What began as a desperate attempt to eat well on a student budget became my go-to breakfast solution.

The beauty lies in their flexibility.
Last week, I used up some sad-looking bell peppers and leftover roast chicken.
The week before, it was frozen spinach and value bacon.
Both batches cost under £0.80 per portion and kept me satisfied until lunch.

Why This Recipe Works:

Nutritionally: Each muffin delivers 22g protein – that’s nearly half your daily needs before you’ve even left the house.
Financially: At 70p per portion, you’re spending less than a single coffee while getting restaurant-quality nutrition.
Practically: Make six on Sunday, eat breakfast sorted for most of the week.

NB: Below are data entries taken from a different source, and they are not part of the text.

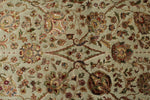 7x10 Light Gray and Ivory Turkish Tribal Rug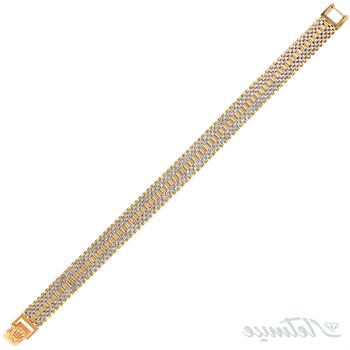 دستبند طلا رولکس تراش شاین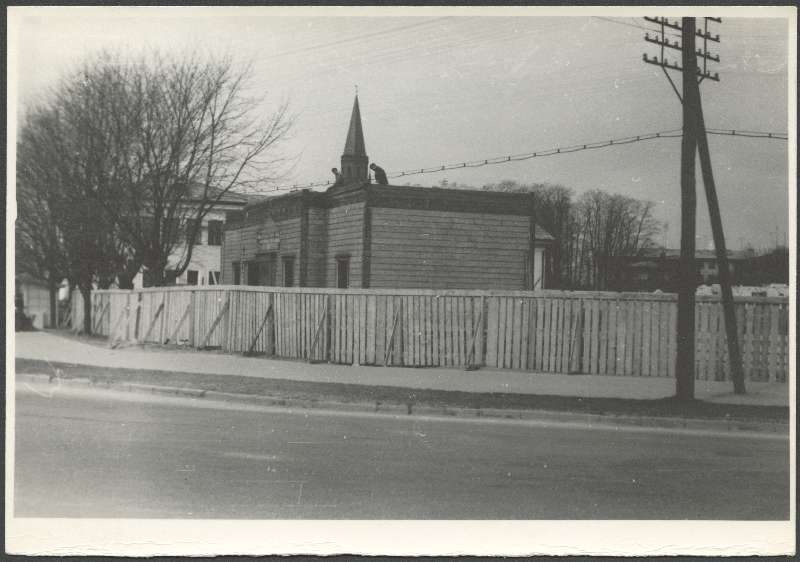 Postcard, Viljandi, Start of Vaksali, Russian Church dismantling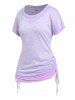 Plus Size & Curve 2 in 1 Cinched Tee -  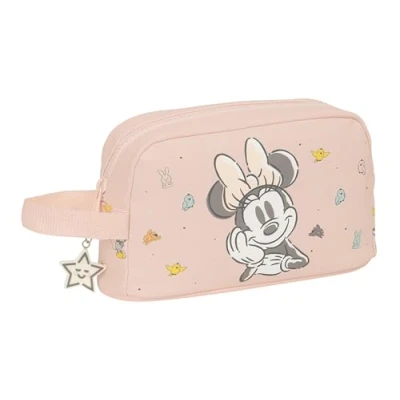 Imagen de Safta Minnie Mouse Baby Porta Desayunos Térmico, Termo, Portatodo, Calidad y Máxima Resistencia, Comida, Recreo, 21.5x6.5x12 cm, Color Rosa Claro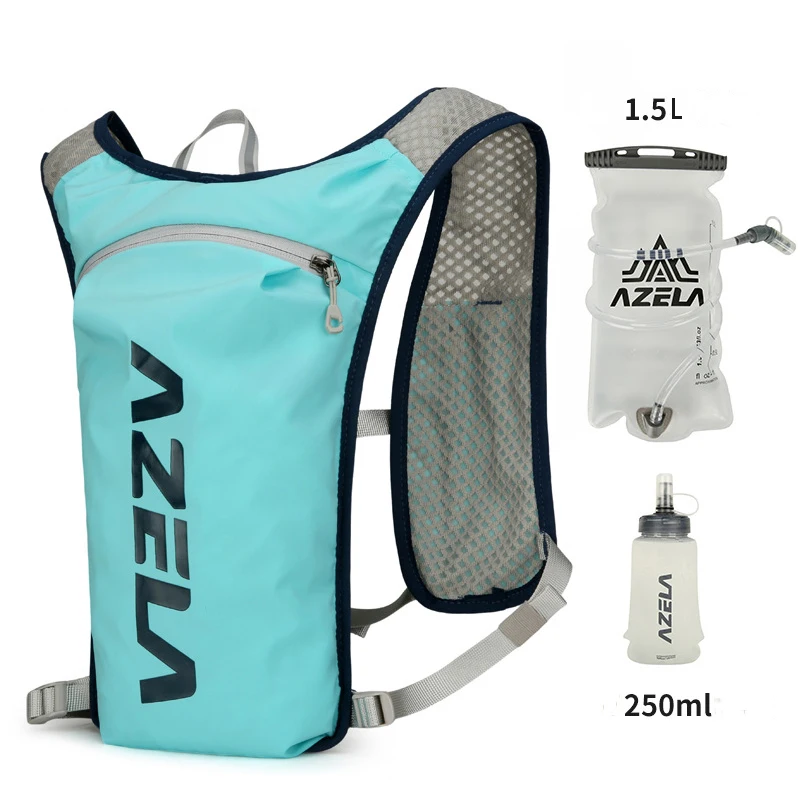 Cycling Gear Backpack - ランニング用ハイドレーションベストバックパック、軽量ジョギングパック、1.5lウォーターブラダーバッグ、ハイキングトレイルとマラソン用デイパック、5l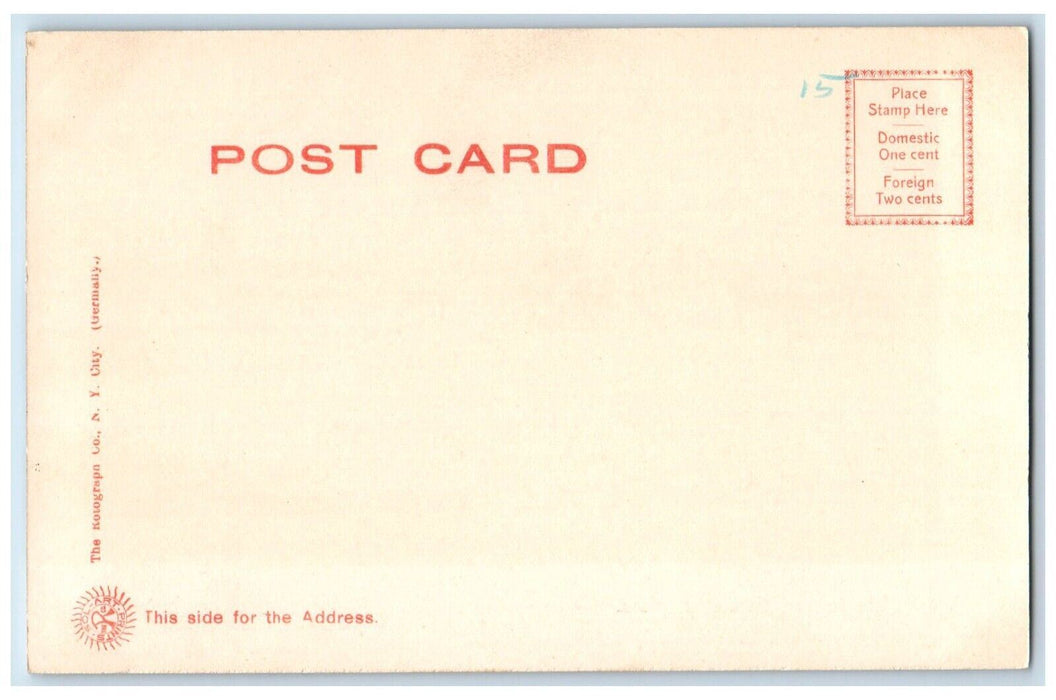 c1905 Harbor Fishing Sailboat Dock Pier Boats Gloucester Massachusetts Postcard
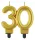 Arany 30-as Gold tortagyertya, számgyertya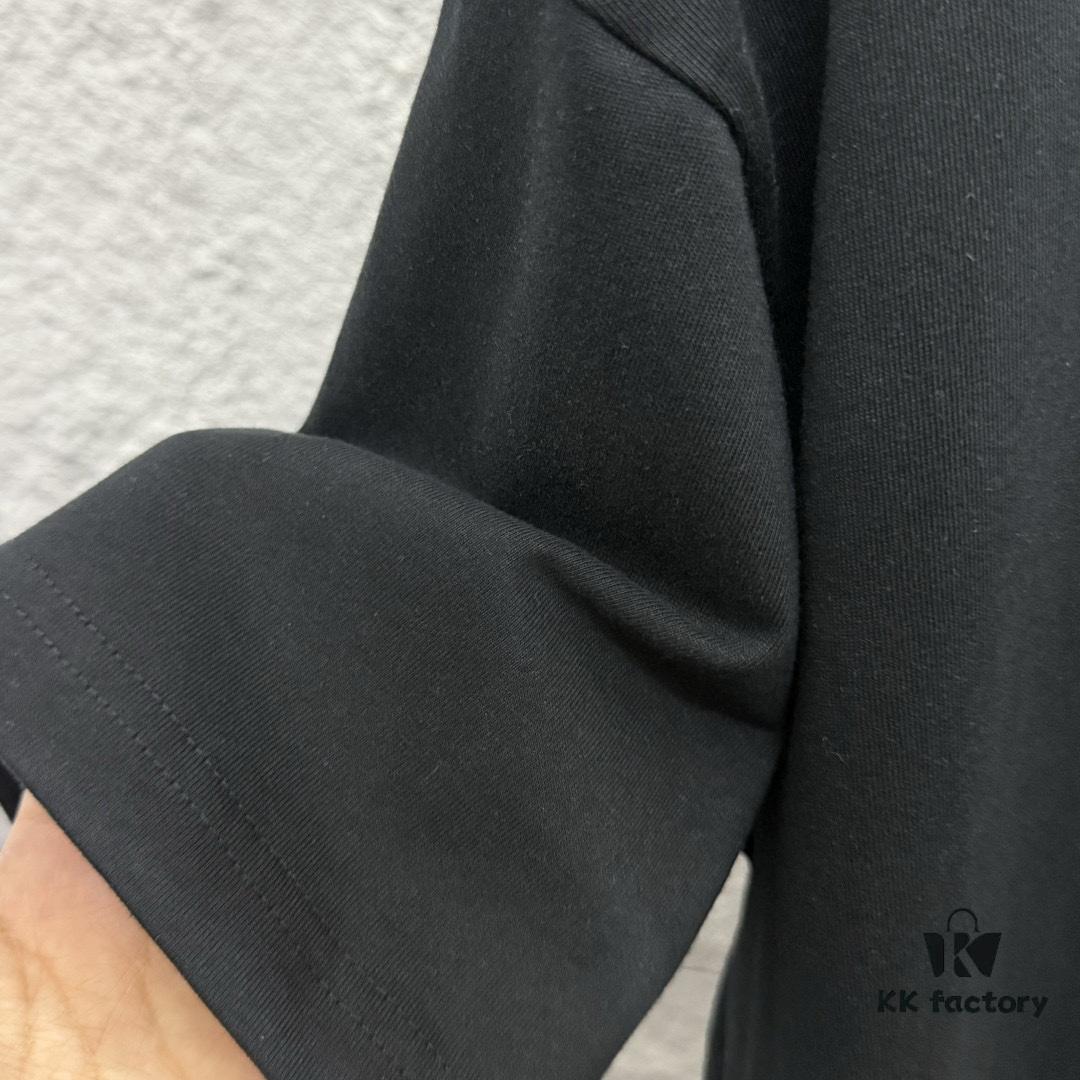 TB*Tommy* 2025 Spring/Summer New Arrival Classic Scarf Dog Embroidery Short Sleeve T-Shirt Custom Double Gauze Plain Weave 100% Cotton 300 Fabric Unisex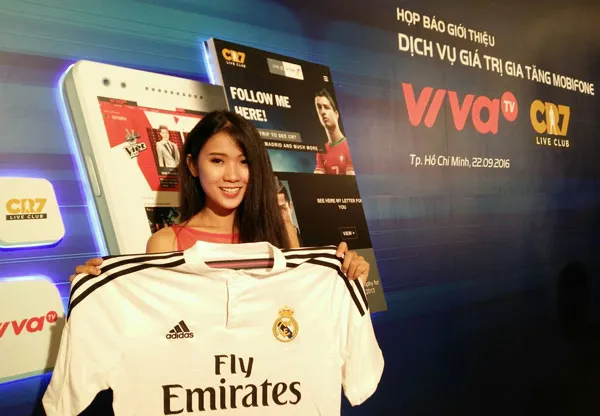 MobiFone ra dịch vụ CR7 và dịch vụ VivaTV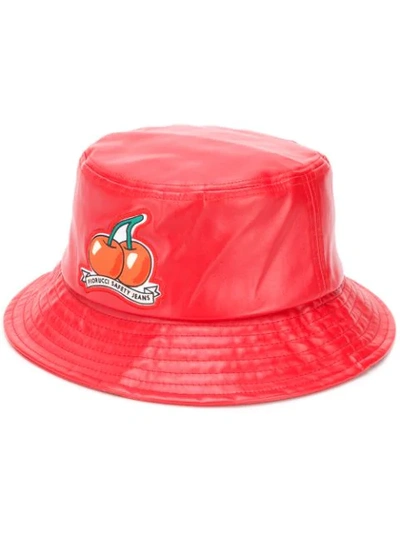 Fiorucci Cherry Vinyl Bucket Hat In Red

The real magic happens in your weekly shop.
I hunt for discounted sausages, buy frozen vegetables in bulk, and always have eggs as my protein backup.
This recipe transforms these humble ingredients into something that genuinely excites me at 7am.

Price Level: Very Inexpensive – substantially cheaper than any shop-bought equivalent with triple the protein content.

These muffins prove that eating well doesn’t require expensive superfoods or complicated techniques.
Just good ingredients, treated with respect, and a bit of Sunday planning.

Your wallet will thank you.
Your energy levels will thank you even more.